The concept is great.  He steps onto his treadmill, turns on his Kindle and begins reading.  He does 40 minutes on his treadmill, and if you manage to capture his imagination for the duration, your book “lives”.  If your book does not, he gives a very fair review of what went wrong, and where (time-wise) he got into the book.  From what I have seen, he has a preference for science-fiction but doesn’t blow off fantasy works.

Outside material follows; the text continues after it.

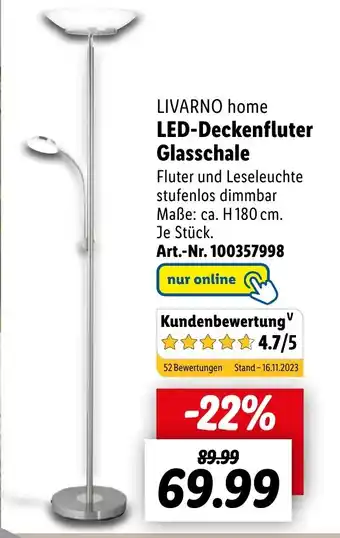 Lidl LIVARNO home LED-Deckenfluter Glasschale Angebot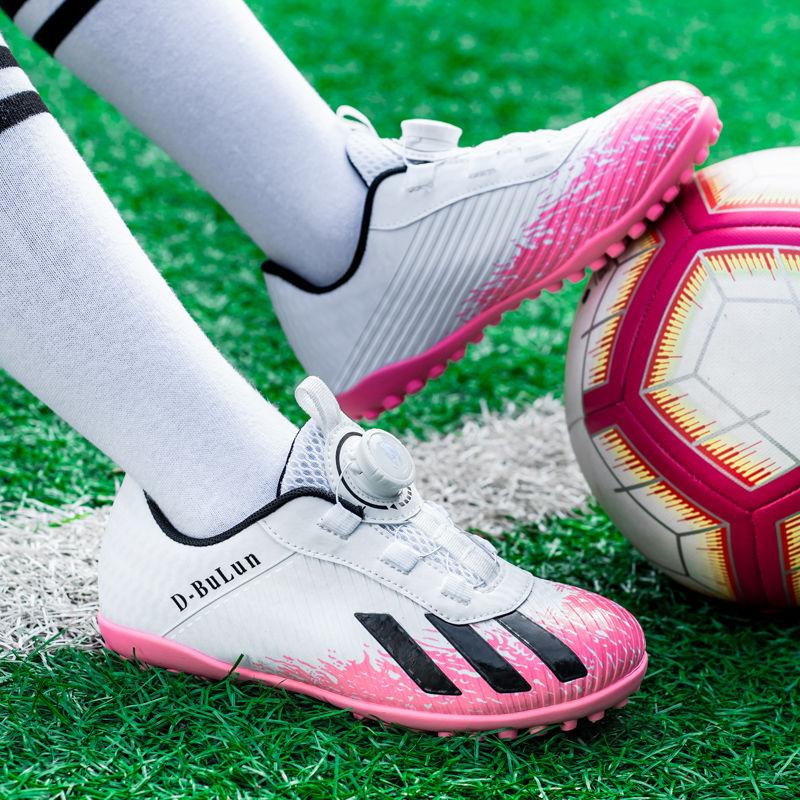 YANZISHOP Nút xoay Dây buộc miễn phí Giày bóng đá Băng ghế thấp Vỡ Nail Giày bóng đá cho trẻ em trai và phụ nữ Giày bóng đá cho học sinh tiểu học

So, here is where my book comes in.  I submitted my book to him to see how well I’d do.  To be honest, I held out hopes that he’d find my first published work to be shaky, but a great start.  I was not up to this task.  Let me offer here sincere thanks to Jefferson Smith and his review of my book.  I cannot thank him enough for this review.  Not because it is some gilded ticket to the upper tiers of author-hood (is that a word?), but because he gave me a real review.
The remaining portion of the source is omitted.